Hippocampal and hypothalamic function after chronic stress.

Author information

1
Swammerdam Institute for Life Sciences, Section Neurobiology, University of Amsterdam, 1098 SM Amsterdam, the Netherlands. joels@science.uva.nl

Abstract

Hyperactivity of the hypothalamo-pituitary-adrenal (HPA) axis is often observed in association with and even prior to the onset of major depression. It is presently unclear (1) which molecular and cellular processes contribute to hyperactivity of parvocellular hypothalamic neurons (key regulators of the HPA system) and (2) how HPA axis hyperactivity can lead to attenuation of central serotonergic transmission, a crucial factor in the onset of clinical symptoms.
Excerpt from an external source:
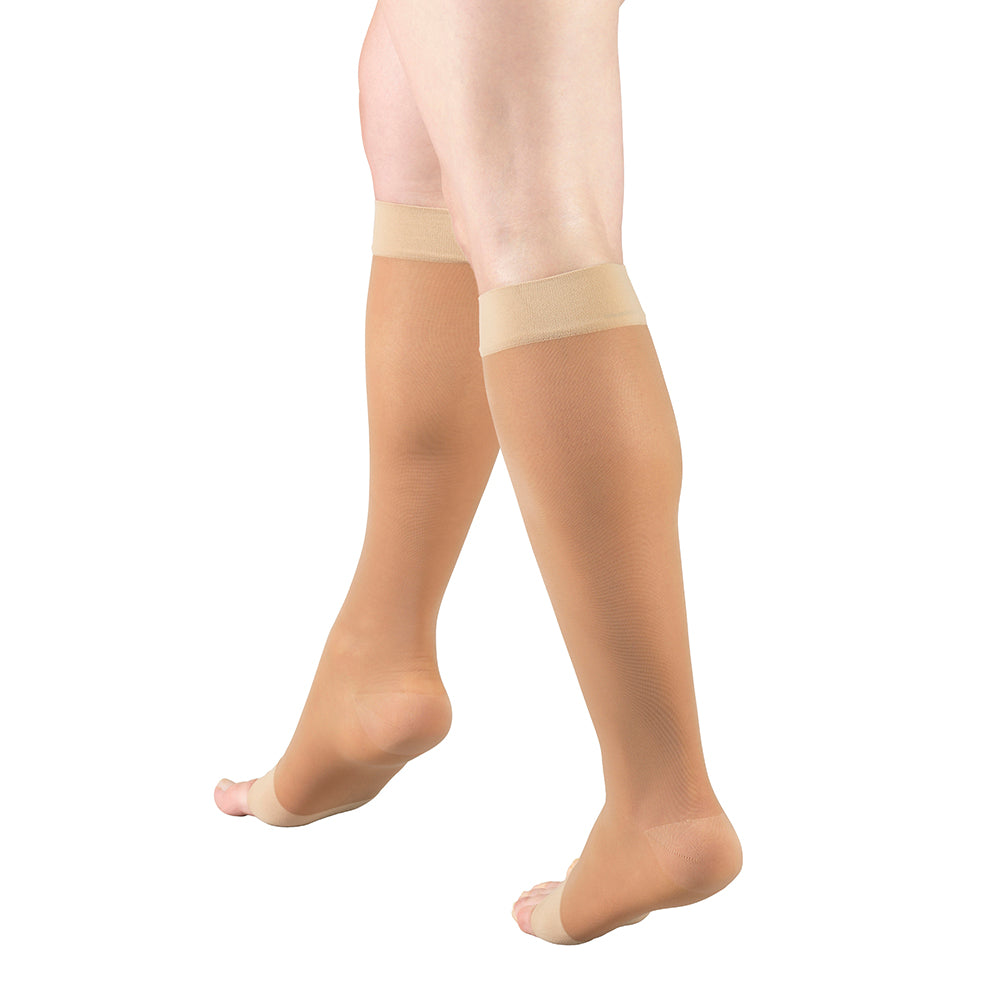 Ladies' Sheer Knee High Open Toe Stockings/1772 15-20 mmHg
In an attempt to address these issues in an experimental model we used rats exposed to chronic unpredictable stressors, a paradigm causing prolonged HPA-axis hyperactivity. In the first study spontaneous and evoked GABA-mediated input to parvocellular neurons in the paraventricular hypothalamic nucleus was recorded with the whole cell patch-clamp technique. The frequency, but not other properties, of spontaneous GABA-mediated inhibitory postsynaptic currents was reduced after chronic stress, resulting in a reduced amplitude of the evoked GABA current. This potentially would disinhibit parvocellular neurons, provided that other inputs are unchanged. In the second study, responses of CA1 hippocampal neurons to serotonin were recorded with microelectrodes. It appeared that the membrane hyperpolarization caused by activation of serotonin-1A receptors is attenuated in tissue from chronically stressed rats. However, no apparent changes in expression of the serotonin-1A or corticosteroid receptors were observed. This supports the notion that chronic stress eventually results in attenuation of serotonergic responsiveness by a mechanism not involving transcriptional regulation of the receptor. Follow-up studies will need to examine whether treatment with corticosteroid receptor antagonists can normalize the attenuated transmission after chronic stress.

PMID:
14993070
[Indexed for MEDLINE]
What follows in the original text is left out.